Start of Task material
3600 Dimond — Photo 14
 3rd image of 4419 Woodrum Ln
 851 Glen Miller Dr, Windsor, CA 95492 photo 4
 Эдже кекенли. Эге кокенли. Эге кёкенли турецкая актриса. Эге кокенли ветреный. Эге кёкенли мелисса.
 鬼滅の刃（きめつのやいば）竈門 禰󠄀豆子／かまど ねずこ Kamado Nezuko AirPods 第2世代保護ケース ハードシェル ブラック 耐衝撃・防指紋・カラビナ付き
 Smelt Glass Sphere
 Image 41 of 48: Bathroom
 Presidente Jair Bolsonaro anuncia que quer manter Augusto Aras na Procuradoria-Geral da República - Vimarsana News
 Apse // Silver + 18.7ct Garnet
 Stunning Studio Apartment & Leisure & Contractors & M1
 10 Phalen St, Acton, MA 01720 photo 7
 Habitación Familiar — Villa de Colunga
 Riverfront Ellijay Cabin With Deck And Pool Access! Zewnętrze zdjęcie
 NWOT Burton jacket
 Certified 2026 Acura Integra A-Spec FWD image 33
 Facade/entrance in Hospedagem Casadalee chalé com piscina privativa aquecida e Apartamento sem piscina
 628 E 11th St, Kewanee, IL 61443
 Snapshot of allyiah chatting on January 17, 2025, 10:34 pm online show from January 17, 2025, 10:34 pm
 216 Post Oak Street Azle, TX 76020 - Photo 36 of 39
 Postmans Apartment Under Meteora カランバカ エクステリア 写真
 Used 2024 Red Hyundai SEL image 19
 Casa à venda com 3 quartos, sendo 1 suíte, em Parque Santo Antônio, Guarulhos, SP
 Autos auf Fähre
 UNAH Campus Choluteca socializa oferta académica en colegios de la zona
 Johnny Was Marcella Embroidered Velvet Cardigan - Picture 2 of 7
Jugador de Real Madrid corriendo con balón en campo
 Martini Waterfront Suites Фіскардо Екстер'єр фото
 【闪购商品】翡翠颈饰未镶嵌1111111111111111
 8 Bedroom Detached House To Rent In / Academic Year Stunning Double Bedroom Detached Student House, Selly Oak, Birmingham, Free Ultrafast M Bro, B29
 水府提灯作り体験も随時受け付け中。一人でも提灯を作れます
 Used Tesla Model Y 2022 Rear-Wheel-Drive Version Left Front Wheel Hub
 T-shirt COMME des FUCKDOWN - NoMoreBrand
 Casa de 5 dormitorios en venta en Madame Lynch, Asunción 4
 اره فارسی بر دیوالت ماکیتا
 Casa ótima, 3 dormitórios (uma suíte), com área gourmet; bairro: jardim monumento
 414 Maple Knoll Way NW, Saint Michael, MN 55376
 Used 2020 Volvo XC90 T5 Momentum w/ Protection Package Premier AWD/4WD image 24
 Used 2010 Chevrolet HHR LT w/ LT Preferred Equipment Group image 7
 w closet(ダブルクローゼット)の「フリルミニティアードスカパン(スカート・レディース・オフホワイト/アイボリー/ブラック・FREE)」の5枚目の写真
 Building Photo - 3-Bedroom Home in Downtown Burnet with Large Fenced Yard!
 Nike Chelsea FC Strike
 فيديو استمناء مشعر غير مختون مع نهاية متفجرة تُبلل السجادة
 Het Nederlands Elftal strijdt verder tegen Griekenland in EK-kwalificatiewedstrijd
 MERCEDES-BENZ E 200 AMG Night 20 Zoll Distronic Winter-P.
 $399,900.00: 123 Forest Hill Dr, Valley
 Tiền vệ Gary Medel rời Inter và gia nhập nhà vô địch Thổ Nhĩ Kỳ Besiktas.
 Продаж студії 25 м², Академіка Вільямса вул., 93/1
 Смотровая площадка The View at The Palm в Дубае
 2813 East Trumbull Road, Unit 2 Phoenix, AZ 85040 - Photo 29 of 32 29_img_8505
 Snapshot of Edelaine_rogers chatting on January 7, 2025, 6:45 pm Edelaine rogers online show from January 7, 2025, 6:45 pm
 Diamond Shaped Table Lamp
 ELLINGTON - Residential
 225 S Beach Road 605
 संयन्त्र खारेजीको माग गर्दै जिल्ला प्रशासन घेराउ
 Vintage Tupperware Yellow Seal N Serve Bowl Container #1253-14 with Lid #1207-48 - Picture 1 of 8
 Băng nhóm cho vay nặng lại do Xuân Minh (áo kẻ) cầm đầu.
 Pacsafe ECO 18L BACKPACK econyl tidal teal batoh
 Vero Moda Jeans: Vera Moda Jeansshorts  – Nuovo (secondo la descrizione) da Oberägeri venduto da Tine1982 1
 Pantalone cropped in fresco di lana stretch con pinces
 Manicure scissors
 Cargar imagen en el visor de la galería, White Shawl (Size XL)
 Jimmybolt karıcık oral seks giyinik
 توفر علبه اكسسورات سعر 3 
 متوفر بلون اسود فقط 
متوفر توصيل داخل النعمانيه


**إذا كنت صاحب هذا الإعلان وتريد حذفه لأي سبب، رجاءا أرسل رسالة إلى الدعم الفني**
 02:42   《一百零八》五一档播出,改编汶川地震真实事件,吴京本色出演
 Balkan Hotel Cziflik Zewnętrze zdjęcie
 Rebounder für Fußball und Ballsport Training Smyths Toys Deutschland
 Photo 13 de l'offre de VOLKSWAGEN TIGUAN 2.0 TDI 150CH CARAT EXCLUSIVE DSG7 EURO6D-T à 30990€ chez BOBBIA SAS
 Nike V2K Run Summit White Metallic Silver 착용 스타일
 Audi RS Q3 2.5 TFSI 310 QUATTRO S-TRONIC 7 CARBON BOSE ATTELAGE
End of Task material
Exercise requirements: The lines above, starting at the one with "Used 2024 Red Hyundai SEL image 19" and ending at the one with "水府提灯作り体験も随時受け付け中。一人でも提灯を作れます", are the only ones to return, exactly as written.

Exercise response:
 Used 2024 Red Hyundai SEL image 19
 Casa à venda com 3 quartos, sendo 1 suíte, em Parque Santo Antônio, Guarulhos, SP
 Autos auf Fähre
 UNAH Campus Choluteca socializa oferta académica en colegios de la zona
 Johnny Was Marcella Embroidered Velvet Cardigan - Picture 2 of 7
Jugador de Real Madrid corriendo con balón en campo
 Martini Waterfront Suites Фіскардо Екстер'єр фото
 【闪购商品】翡翠颈饰未镶嵌1111111111111111
 8 Bedroom Detached House To Rent In / Academic Year Stunning Double Bedroom Detached Student House, Selly Oak, Birmingham, Free Ultrafast M Bro, B29
 水府提灯作り体験も随時受け付け中。一人でも提灯を作れます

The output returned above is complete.